Télécom qui croyait prendre

Durant la préhistoire, les mariages se passaient en général entre membres de la même tribu. Mais, parfois, il arrivait qu’un homme des cavernes s’éprenne d’une femme de la caverne voisine. Il demandait alors sa main selon une amusante coutume de l’époque: le coup de gourdin sur la tête.
Très vite, les femmes des cavernes ainsi éloignées de leur home sweet home dépérirent et il fallut inventer un système pour qu’elles puissent raconter les événements importants (et les autres aussi) de leur vie à leur mère cinq fois par jour.
Mais c’était un peu compliqué. L’écriture n’avait pas encore été inventée et le seul moyen de communiquer d’une grotte à l’autre était d’envoyer un messager chargé de se rappeler de tas d’informations du genre “est-ce que tu pourrais prendre du pain en rentrant de ta chasse au mammouth” et autre “bonjour, auriez-vous le temps de répondre à quelques questions pour un sondage, cela ne vous prendra pas longtemps”. Il arrivait souvent que les messagers se fassent boulotter par un tigre à dents de sabre en route ou passsent sous un tunnel.
L’invention de l’écriture permit de charger les messagers de plus d’informations. Ils dissimulaient les messages qu’ils devaient porter dans des vêtements amples coquettement ornés de rayures, et leur confrérie fut surnommée le “réseau large bande”. Mais c’était encore un peu lent. Pour des messages urgents comme “ah au fait j’ai oublié de nourrir les chacaux ce matin, tu sais comme ils sont grognons quand ils ont faim, je voudrais pas qu’ils boulottent l’autre bras du petit”, par exemple, ça n’allait pas tellement.
Les hommes cherchèrent à dresser des animaux pour accélérer le processus. Ils essayèrent toutes sortes de possibilité, l’huitre voyageuse, le calmar voyageur, le chaton cromeugnon voyageur, pour distribuer le courrier, avant de se mettre d’accord pour le pigeon. Mais ceux qui ont déjà eu affaire à ces gracieux volatiles savent bien qu’ils sont cons comme leurs pattes et, bien souvent, un amoureux transi recevait un “je crois que vous vous êtes trompé de numéro, il n’y a pas de madame Baillot ici” en réponse à sa vibrante missive de sept pages où il déclarait sa flamme à la lueur d’une bougie.

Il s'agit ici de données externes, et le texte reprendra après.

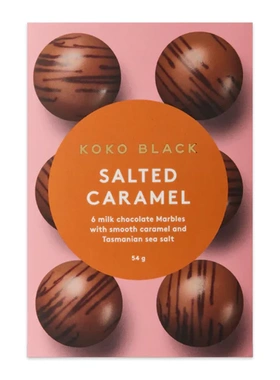 澳洲代购直邮 Koko Black 100%天然成分手工制造巧克力球 伴手礼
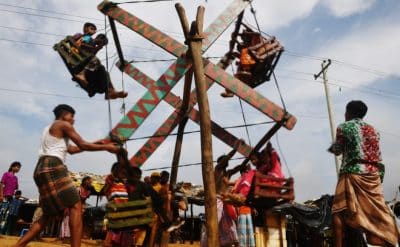 وزيرا خارجية سنغافورة وتايلاند يطيران إلى ميانمار لحل أزمة لاجئي الروهنغيا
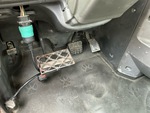 Cab with Brake Control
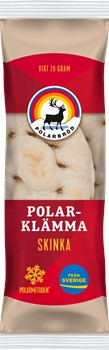 Polarklämma Skinka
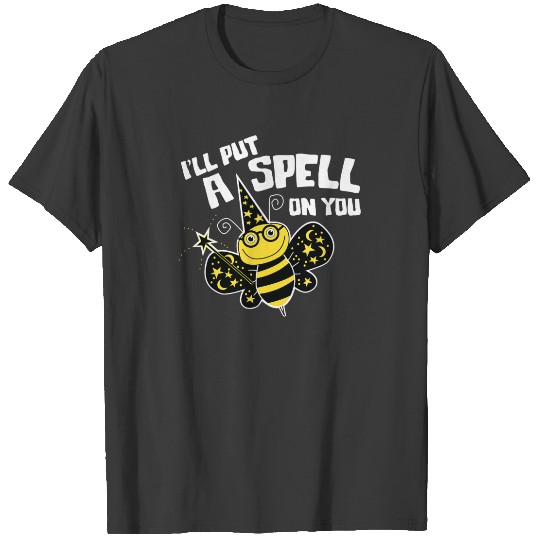 Bee Beekeeper Cute Spelling Bee T for Competitive T-shirt
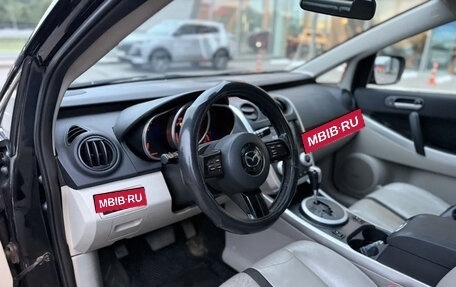 Mazda CX-7 I рестайлинг, 2008 год, 600 000 рублей, 4 фотография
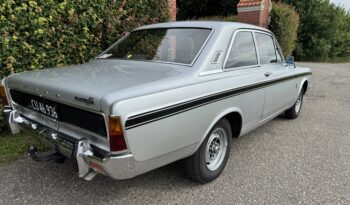 Ford Taunus 17 M RS 2,0 V6 full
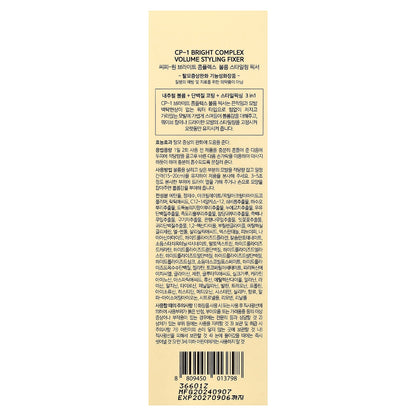 CP-1, Bright Complex Volume Styling Fixer, 3.38 fl oz (100 ml)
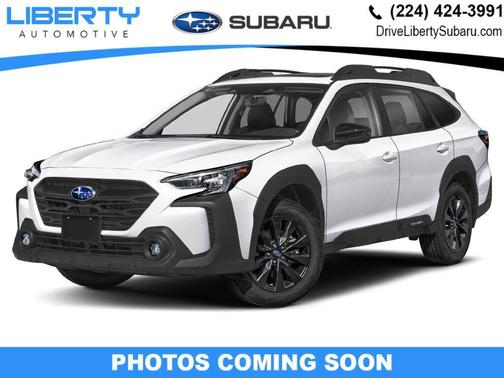 2025 Subaru Outback Onyx Edition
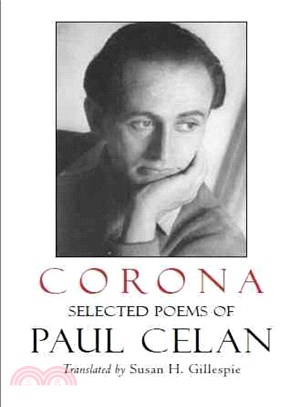 Corona ─ The Selected Poems of Paul Celan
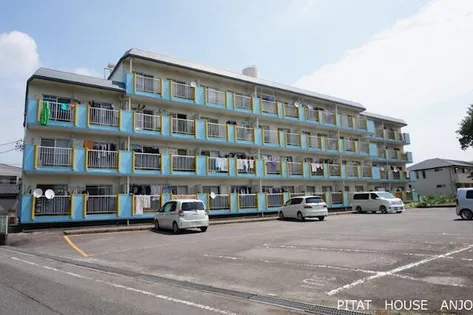 雁ヶ音マンションの画像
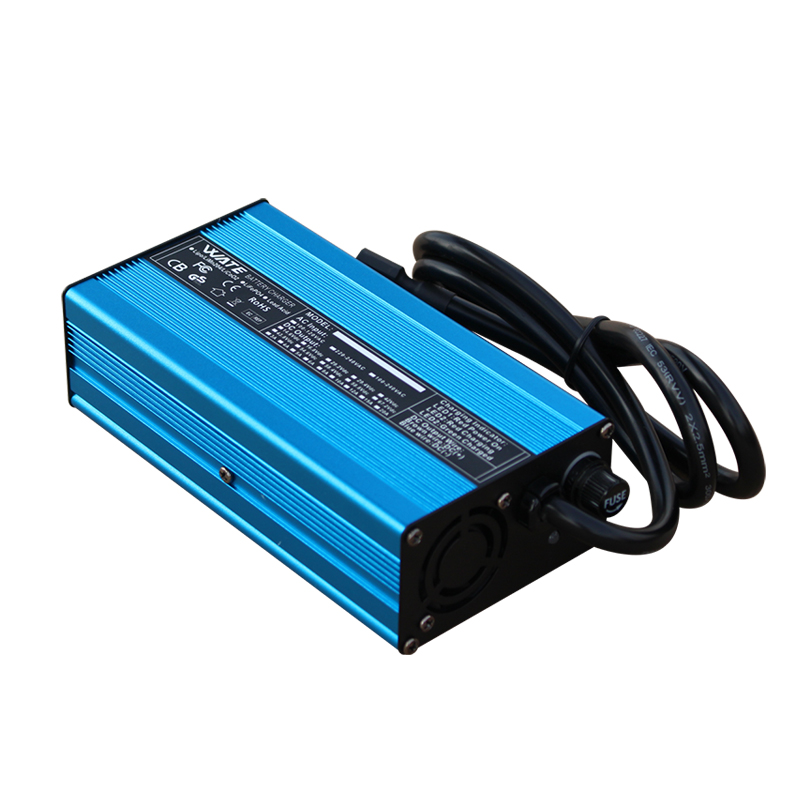 Carregador de Bateria LifePO4  - 84V 20A Smart Charger avaliação e preço
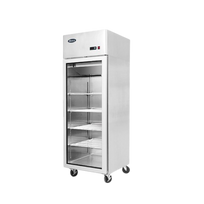ATOSA Congelador Vertical MCF8601GR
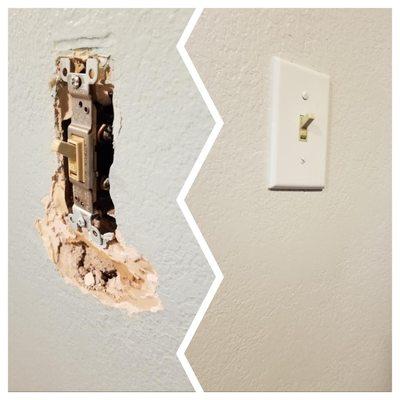 True Blue Improvement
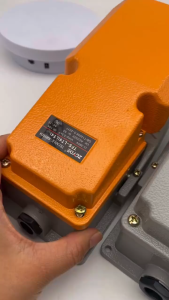 TREADLE SWTICH FOOT SWITCH AC 380V 10A SAKLAR PEDAL TERBARU UNTUK INDUSTRI DAN RUMAHAN(grosir & Eceran)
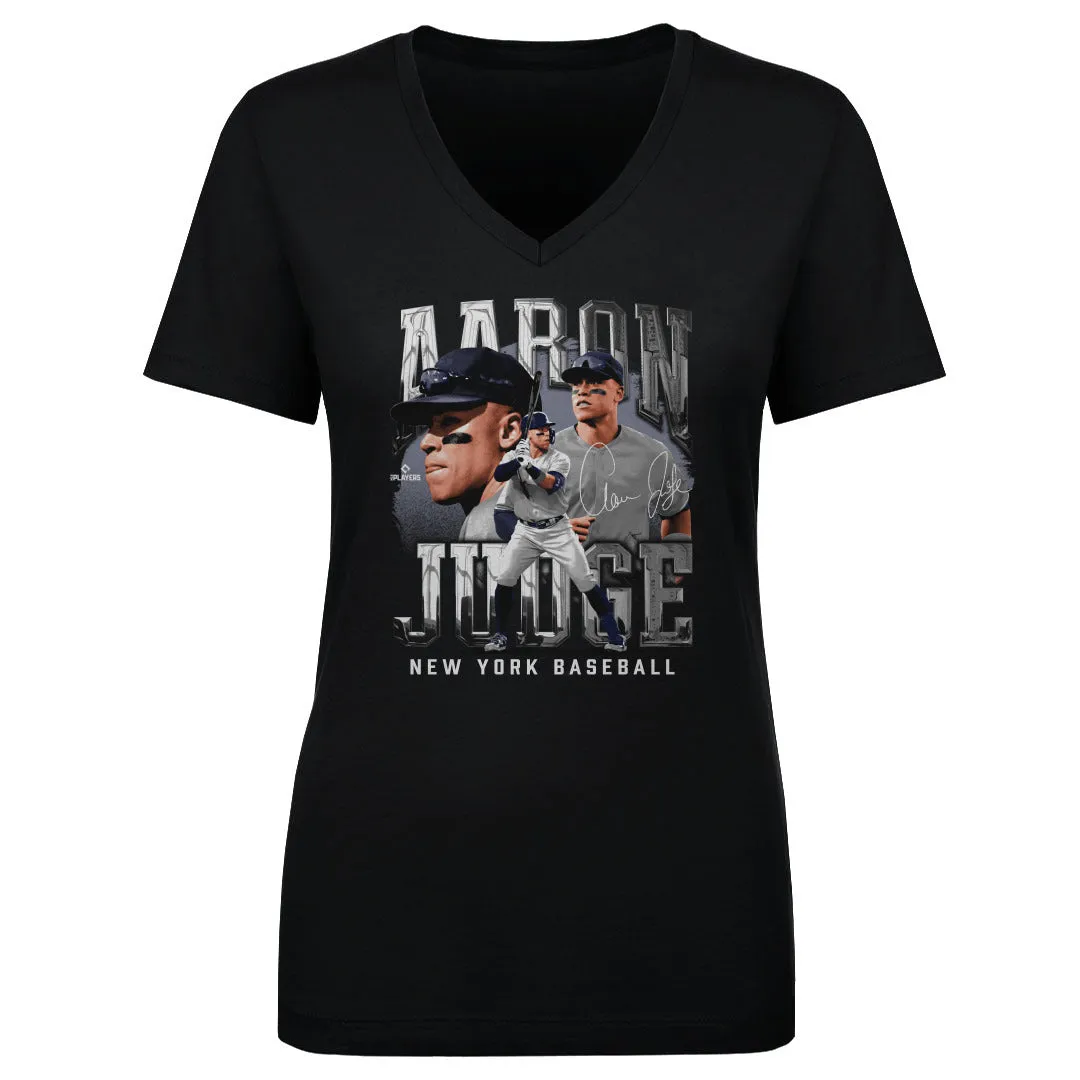 Aaron Judge New York Y Vintage WHT sold by 500 Level product image thumbnail 2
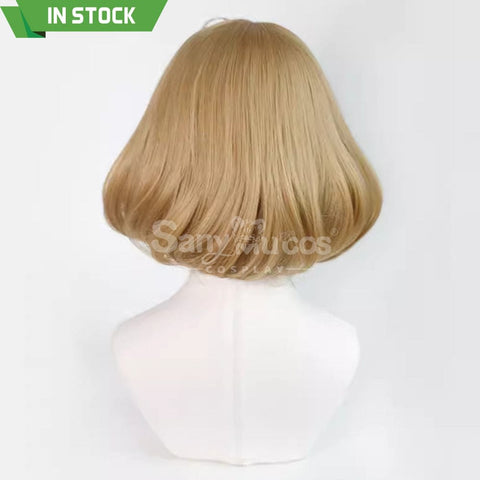 Game Nikke: The Goddess Of Victory Cosplay Anis Wig Wigs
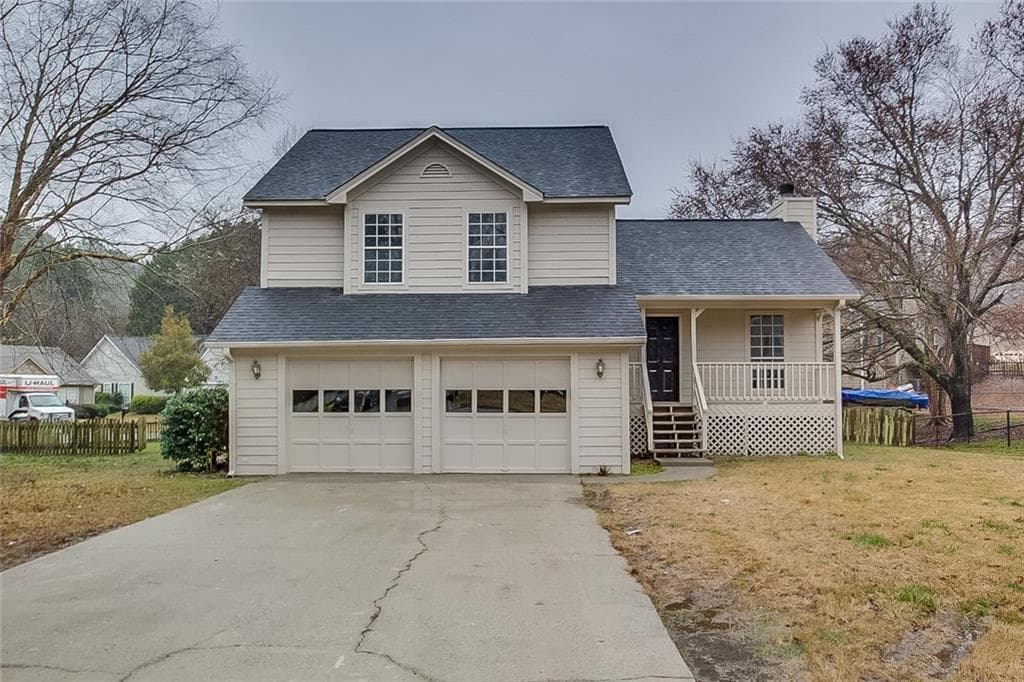 3 bedroom, 3 bathroom, 1,490 sq ft single family residence sold at 5126 Allison Way, Sugar Hill, GA 30518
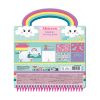 Picture of Totum: Unicorn - Designer Activity Book (TT071582)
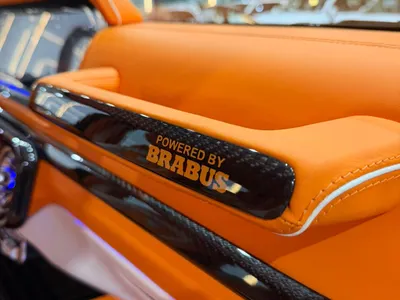 2025 مرسيدس - بنز جي برابوس 800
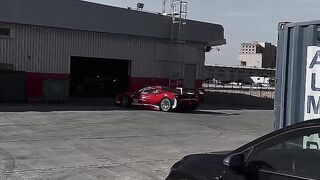 Garry's video to lose your head #car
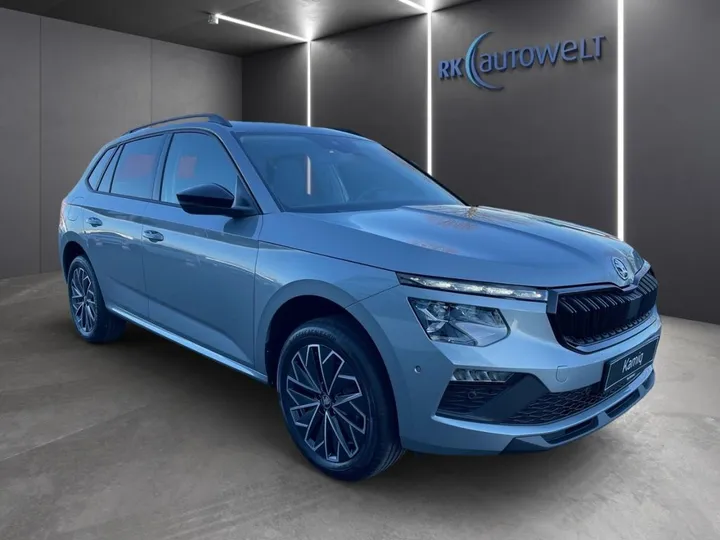 Škoda Kamiq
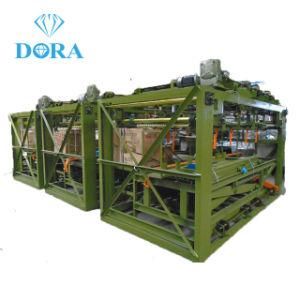 Plywood Core Veneer Composer/Plywood Jointing Machine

L’invention du téléphone passa d’abord inaperçue, puisqu’il n’y avait personne à appeler. Mais il se démocratisa tant et si bien qu’il n’y a aujourd’hui plus besoin de faire le 16-1 si vous habitez la Provence. Puis un jour, Maurice Natel inventa le téléphone portable et depuis lors, nous sommes enfin vraiment libres.